[DATA UNDER STUDY]

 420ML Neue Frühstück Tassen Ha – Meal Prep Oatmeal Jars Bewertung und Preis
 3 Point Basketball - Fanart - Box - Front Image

[/DATA UNDER STUDY]
[DATA UNDER STUDY]

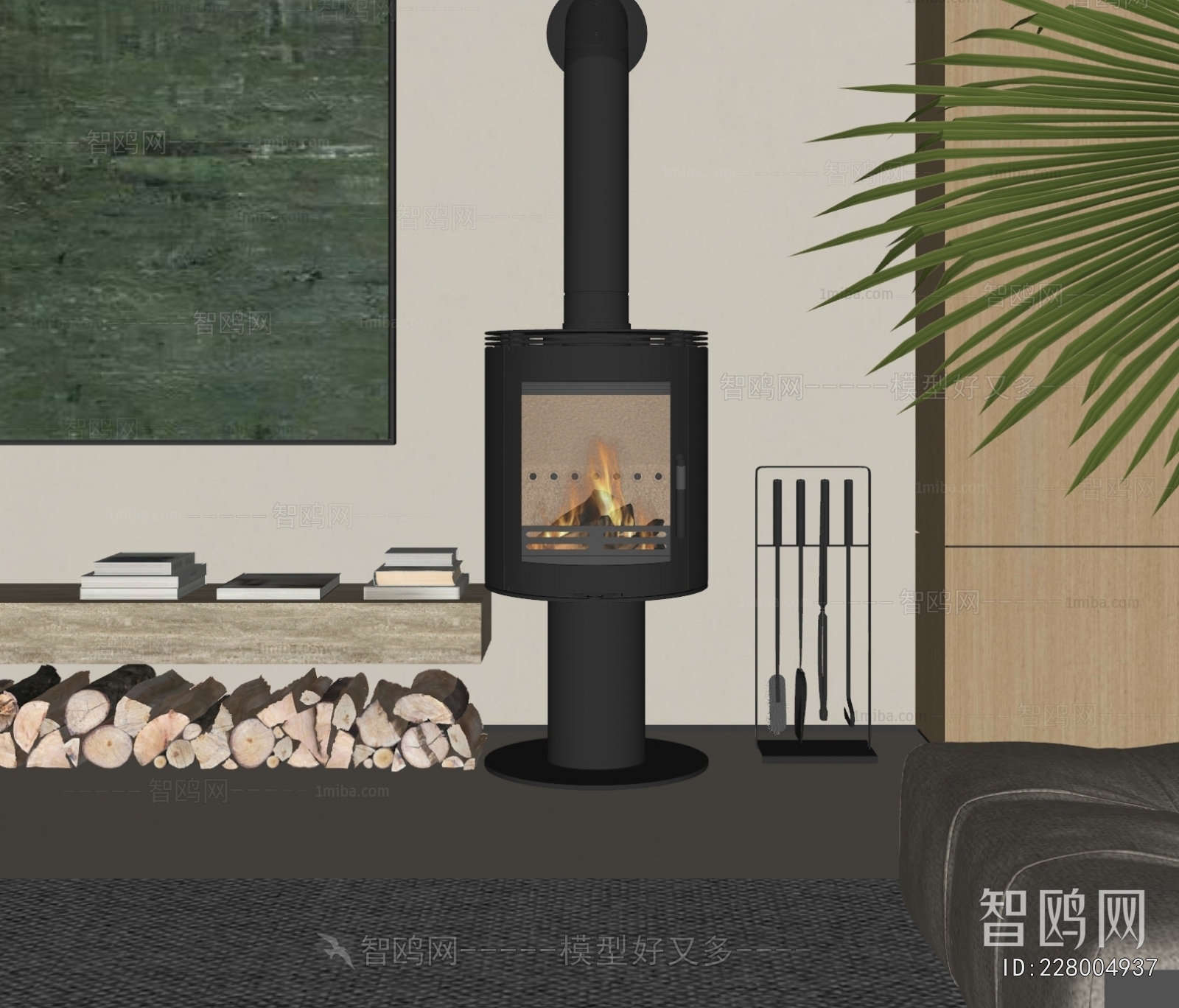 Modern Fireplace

[/DATA UNDER STUDY]

● **AIM OF THE TASK**
Everything above from the line containing "420ML Neue Frühstück" through the line containing "3 Point Basketball" must be copied exactly. Nothing outside that range belongs in the answer.

● **WRITTEN RESPONSE**
 420ML Neue Frühstück Tassen Ha – Meal Prep Oatmeal Jars Bewertung und Preis
 3 Point Basketball - Fanart - Box - Front Image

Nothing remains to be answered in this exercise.